| Required action |
Search the listing below for the line containing "13、焗烤吐司,好啦。上面的". From there through the line containing "Villa - 7 Bedrooms", transcribe every line exactly, both ends included.

| Provided entries |
:::::
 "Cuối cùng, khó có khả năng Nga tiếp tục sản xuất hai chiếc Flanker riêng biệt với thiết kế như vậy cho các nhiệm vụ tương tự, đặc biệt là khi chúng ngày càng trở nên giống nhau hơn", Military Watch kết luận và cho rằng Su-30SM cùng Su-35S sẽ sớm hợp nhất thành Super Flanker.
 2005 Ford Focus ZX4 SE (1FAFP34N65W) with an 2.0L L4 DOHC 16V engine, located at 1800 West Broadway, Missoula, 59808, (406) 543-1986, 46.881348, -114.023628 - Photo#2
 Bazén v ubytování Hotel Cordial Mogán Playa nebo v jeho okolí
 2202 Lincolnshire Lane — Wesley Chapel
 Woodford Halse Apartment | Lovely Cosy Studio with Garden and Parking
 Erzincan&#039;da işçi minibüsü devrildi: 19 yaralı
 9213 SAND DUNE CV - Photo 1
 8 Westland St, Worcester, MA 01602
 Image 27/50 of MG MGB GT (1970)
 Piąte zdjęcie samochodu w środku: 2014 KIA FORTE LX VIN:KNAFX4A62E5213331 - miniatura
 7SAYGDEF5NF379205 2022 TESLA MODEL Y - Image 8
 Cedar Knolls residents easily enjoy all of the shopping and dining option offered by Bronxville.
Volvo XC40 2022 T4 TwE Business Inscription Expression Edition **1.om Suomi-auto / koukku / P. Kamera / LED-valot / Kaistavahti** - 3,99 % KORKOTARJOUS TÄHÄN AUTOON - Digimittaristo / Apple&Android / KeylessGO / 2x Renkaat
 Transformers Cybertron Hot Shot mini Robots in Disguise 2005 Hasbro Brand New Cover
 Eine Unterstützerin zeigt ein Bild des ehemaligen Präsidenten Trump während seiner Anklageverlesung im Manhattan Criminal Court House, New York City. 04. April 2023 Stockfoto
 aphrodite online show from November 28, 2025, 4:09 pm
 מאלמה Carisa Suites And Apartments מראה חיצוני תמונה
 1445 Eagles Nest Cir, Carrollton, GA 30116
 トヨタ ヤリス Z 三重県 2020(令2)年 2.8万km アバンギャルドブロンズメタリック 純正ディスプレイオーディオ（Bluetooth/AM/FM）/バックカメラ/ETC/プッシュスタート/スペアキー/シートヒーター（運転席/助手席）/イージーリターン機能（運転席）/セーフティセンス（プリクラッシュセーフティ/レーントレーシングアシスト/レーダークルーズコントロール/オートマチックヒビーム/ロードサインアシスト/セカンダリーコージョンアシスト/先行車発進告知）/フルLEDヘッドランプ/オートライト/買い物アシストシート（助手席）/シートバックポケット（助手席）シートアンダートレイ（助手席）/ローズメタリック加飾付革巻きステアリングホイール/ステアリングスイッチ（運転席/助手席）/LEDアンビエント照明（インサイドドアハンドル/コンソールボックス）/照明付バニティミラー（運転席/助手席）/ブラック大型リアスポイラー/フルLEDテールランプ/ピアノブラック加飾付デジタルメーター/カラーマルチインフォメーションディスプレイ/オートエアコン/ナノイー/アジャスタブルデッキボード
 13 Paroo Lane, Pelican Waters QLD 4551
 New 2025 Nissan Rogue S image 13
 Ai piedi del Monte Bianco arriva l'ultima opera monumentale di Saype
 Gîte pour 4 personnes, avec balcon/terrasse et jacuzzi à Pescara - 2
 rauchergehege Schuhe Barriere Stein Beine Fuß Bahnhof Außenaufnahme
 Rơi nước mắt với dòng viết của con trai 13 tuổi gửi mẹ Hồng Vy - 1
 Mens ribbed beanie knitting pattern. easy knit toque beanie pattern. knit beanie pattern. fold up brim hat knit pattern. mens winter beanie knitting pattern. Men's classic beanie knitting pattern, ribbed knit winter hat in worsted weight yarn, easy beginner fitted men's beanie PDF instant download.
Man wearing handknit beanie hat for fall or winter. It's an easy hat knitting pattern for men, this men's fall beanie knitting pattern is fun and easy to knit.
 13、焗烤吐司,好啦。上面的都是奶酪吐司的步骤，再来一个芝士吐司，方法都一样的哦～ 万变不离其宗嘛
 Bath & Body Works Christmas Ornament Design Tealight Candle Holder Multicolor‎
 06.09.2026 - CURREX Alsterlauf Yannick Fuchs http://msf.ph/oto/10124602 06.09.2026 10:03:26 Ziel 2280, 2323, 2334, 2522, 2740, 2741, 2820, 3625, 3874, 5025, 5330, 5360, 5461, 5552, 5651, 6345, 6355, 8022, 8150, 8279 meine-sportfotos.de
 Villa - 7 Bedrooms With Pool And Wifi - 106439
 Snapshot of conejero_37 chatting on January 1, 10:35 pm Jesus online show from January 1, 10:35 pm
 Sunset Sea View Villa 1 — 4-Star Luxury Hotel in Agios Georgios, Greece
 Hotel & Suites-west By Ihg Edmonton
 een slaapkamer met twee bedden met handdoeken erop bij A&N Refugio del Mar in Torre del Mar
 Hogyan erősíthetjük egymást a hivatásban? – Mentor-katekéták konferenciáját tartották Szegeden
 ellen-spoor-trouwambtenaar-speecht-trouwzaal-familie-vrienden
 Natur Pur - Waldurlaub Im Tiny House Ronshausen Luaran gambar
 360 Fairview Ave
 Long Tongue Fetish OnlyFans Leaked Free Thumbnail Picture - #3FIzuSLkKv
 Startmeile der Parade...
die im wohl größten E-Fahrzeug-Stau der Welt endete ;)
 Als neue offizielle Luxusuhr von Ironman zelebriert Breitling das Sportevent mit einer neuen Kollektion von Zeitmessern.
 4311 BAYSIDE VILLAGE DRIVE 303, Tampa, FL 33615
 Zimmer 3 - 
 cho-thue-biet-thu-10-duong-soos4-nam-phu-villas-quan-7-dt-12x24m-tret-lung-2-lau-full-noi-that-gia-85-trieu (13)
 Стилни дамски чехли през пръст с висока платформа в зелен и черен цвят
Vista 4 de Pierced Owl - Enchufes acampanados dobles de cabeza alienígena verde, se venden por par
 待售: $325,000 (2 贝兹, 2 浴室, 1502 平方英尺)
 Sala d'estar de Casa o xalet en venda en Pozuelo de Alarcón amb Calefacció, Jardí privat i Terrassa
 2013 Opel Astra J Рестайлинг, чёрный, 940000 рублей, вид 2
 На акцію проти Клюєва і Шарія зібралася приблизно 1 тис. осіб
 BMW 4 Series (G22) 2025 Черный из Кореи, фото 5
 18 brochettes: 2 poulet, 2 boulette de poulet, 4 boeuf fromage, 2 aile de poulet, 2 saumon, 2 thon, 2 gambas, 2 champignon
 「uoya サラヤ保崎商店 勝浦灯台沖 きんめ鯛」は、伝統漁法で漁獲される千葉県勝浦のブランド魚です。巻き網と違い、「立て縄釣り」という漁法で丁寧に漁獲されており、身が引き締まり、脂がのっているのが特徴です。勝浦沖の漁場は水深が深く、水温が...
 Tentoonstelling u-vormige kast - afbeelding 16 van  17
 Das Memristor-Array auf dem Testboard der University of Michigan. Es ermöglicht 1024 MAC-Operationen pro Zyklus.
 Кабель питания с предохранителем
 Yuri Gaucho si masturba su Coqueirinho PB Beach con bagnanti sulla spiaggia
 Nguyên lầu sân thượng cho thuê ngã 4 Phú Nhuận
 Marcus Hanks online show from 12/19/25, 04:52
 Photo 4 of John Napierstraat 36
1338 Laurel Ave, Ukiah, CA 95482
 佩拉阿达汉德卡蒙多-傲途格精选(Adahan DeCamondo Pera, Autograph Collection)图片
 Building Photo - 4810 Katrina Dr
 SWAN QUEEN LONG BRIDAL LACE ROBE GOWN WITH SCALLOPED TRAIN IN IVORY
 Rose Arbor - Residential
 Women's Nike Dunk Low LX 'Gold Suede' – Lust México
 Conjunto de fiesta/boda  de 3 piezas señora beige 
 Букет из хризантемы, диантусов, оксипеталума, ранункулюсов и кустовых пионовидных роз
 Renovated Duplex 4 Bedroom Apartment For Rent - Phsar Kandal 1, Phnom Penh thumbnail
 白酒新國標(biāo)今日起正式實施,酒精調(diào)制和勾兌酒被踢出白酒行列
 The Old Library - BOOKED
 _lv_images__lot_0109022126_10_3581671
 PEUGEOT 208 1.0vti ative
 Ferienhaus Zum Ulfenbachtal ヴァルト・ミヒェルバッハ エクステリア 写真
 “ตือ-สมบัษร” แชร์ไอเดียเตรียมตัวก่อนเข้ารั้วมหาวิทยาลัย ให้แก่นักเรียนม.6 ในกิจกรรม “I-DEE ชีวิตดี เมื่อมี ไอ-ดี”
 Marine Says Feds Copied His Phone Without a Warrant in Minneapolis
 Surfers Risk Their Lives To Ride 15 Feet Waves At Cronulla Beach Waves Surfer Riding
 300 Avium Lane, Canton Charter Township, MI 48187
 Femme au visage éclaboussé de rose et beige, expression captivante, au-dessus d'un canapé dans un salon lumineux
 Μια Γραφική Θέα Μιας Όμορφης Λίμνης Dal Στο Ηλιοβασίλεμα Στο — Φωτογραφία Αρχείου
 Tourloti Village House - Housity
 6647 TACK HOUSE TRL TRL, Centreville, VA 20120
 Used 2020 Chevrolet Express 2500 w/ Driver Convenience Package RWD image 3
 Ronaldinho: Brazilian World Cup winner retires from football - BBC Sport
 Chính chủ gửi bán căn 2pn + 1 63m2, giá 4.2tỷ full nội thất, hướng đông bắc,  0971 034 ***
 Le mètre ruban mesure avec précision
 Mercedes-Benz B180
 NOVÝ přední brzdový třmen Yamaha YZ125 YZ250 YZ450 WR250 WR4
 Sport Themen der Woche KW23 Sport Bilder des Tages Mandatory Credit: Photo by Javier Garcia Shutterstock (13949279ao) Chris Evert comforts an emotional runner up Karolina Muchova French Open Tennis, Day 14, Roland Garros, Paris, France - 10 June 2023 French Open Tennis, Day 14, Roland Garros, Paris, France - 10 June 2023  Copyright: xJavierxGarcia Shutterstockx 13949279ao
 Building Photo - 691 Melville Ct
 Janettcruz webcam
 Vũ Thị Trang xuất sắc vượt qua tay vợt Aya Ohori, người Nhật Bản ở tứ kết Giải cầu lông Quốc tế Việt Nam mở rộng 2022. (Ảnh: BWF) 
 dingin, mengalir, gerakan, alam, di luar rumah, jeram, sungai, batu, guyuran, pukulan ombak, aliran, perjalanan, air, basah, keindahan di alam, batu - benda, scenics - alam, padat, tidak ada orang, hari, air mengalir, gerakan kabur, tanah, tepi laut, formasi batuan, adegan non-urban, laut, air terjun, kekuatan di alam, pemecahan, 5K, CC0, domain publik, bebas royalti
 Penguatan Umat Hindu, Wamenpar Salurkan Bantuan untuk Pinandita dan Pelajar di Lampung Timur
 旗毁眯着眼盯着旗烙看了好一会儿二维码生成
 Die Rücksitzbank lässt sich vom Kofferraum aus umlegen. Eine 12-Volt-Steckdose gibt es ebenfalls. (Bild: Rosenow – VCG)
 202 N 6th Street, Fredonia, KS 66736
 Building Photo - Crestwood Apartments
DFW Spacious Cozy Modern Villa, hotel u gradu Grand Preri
:::::
| Your solution |
 13、焗烤吐司,好啦。上面的都是奶酪吐司的步骤，再来一个芝士吐司，方法都一样的哦～ 万变不离其宗嘛
 Bath & Body Works Christmas Ornament Design Tealight Candle Holder Multicolor‎
 06.09.2026 - CURREX Alsterlauf Yannick Fuchs http://msf.ph/oto/10124602 06.09.2026 10:03:26 Ziel 2280, 2323, 2334, 2522, 2740, 2741, 2820, 3625, 3874, 5025, 5330, 5360, 5461, 5552, 5651, 6345, 6355, 8022, 8150, 8279 meine-sportfotos.de
 Villa - 7 Bedrooms With Pool And Wifi - 106439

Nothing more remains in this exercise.